The Boys Next Door – Door, Door (1979)

The Boys Next Door – Door, Door (1979)

Looking back, thirty-odd years later from the heights that Nick Cave’s musical projects would eventually scale, it’s more than a little tempting to see Door, Door, the debut full-length from his early band the Boys Next Door as little more than a footnote or a tentative, inauspicious start. Alternately, one might fixate on this album as a kind of mystical key that unlocks the manifold secrets of his future career. Neither approach is particularly appealing, though, and while the generally sprightly material on Door, Door bears little resemblance to Cave’s later work with either the Birthday Party or the Bad Seeds, there’s enough talent on display to make it more than simply a minor curio.

The ten songs on Door, Door are tightly wound but immediately catchy post-punk exercises that often verge on new wave. Several could be slotted in a radio playlist alongside Blondie and Devo without seeming out of place; album opener “The Nightwatchman” could almost pass for an early Elvis Costello tune. In that respect, Door, Door does come across as a tentative (albeit enthusiastic) opening gambit from a bunch of young guys trying their hand at the sounds happening around them.
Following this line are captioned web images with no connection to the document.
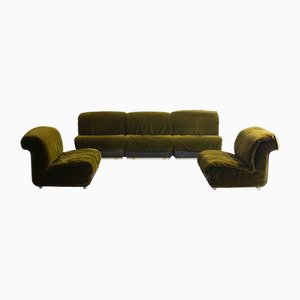 Italian Modular Sofa in Lush Green Velvet with Minimalist Frame, 1970s, Set of 5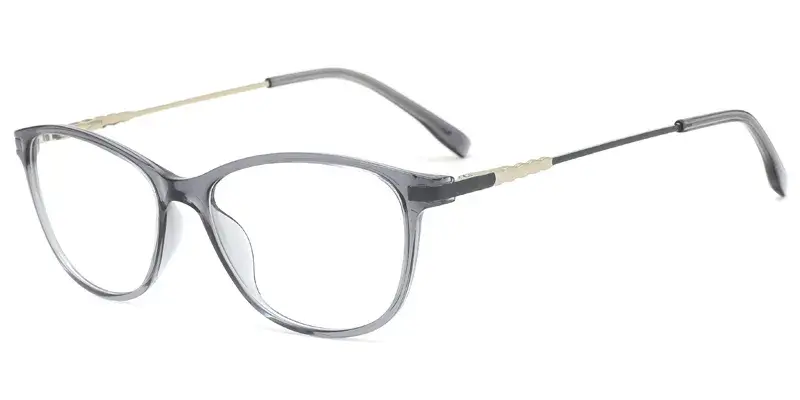 Phalaenopsis Women Oval TR90 Metal Hybrid Eyewear,3D Pattern, Advanced sophistication - Grey
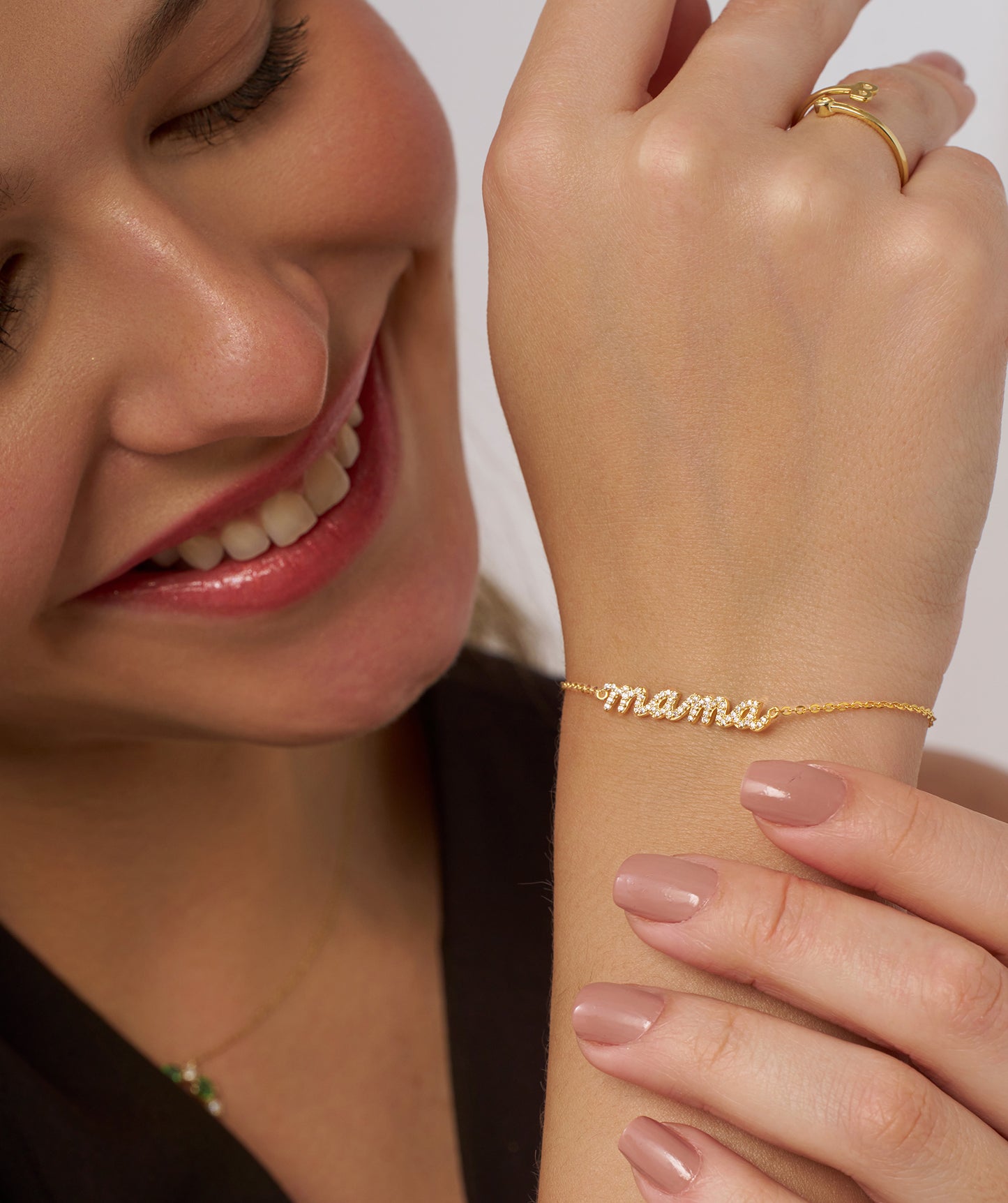 14K Gold 'Mama' Pave Bracelet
Despite the fact that Cave is credited with songwriting for the majority of the songs, he had yet to come into his distinctive lyrical style, and his vocal delivery felt more like a restrained pantomime than a full-throated performance. “After A Fashion” is one of the only songs that really hinted at the latent gothic power of his voice, and as such, it’s the album’s high point.

Door, Door is also notable because it only featured the band’s second guitarist Rowland Howard on the b-side, which, given his songwriting credits for three of the side’s five songs, suggests that his addition was crucial to guiding the band in the darker, wilder direction they would soon take as the Birthday Party. “Dive Position” flirts with a bit of the demented carnival atmosphere that would mark some of Cave’s later work, but the closing song “Shivers” is particularly notable for how it showed Cave to already possess at least the urge — if not yet the fully assured skill — to croon. But even this was only the sound of a band at the bottom edge of a soon to be explosive curve, making Door, Door the least essential pre-Bad Seeds material by far.